# Lars strikes again...this time - NADAC agility



## MrsBoats (May 20, 2010)

Got some videos from this weekend's NADAC trial where Lars earned his Open Jumpers title, Elite Tunnelers title, our second Open Chances Q, an Outstanding Elite Tunnelers Q, and a Open Touch and Go bumper Q. Lars and I also got the new NADAC Judge's Choice award for Sunday!!!! 

Elite Tunnelers -






Open Touch and Go - 






Open Chances - 






Elite Weavers...no Q because we missed course time by .8 of a second. I pushed him way too much at that second set of weaves. I should have just shut my mouth and let him do his job (it's not like he's pokey in the weaves. LOL)


----------



## Kyllobernese (Feb 5, 2008)

Your dog does really well. I wish we had some of the same classes in the AAC. The only NADAC trials we have around here are about a six hour drive, then a trip across on a Ferry to Vancouver Island. I have looked into them and like the fact they have classes for "Veterans" people that is, not the dogs, where they give us "older folks" more time.

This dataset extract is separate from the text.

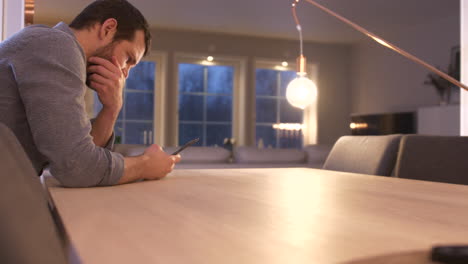 man sits at indoor table anxiously reading cell phone with distressed mannerisms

Tunnellers looks like lots of fun, not sure what Touch and Go is, looks almost like our Standard class.


----------



## Abbylynn (Jul 7, 2011)

All I have to say is congratulations!!! ... and Wow!


----------



## Inga (Jun 16, 2007)

Look at that Big Boy burn up the Weaves. LOVE IT!! Not the easiest move for a big solid dog like Lars but he made quick work of it. Congratulations on your successes. I would likely direct my dogs wrong, I would get dizzy spinning around. If I ever do it with any dog the dog best be very slow so I can keep up. ha ha


----------



## GottaLuvMutts (Jun 1, 2009)

Cool videos! He really is fast in the weaves - much faster than you'd think for a big guy. Elite weavers is pretty much designed so that there's not time to go back and fix the weaves if you mess them up - has to be clean.

What's the "judge's choice" award? I haven't heard of that.


----------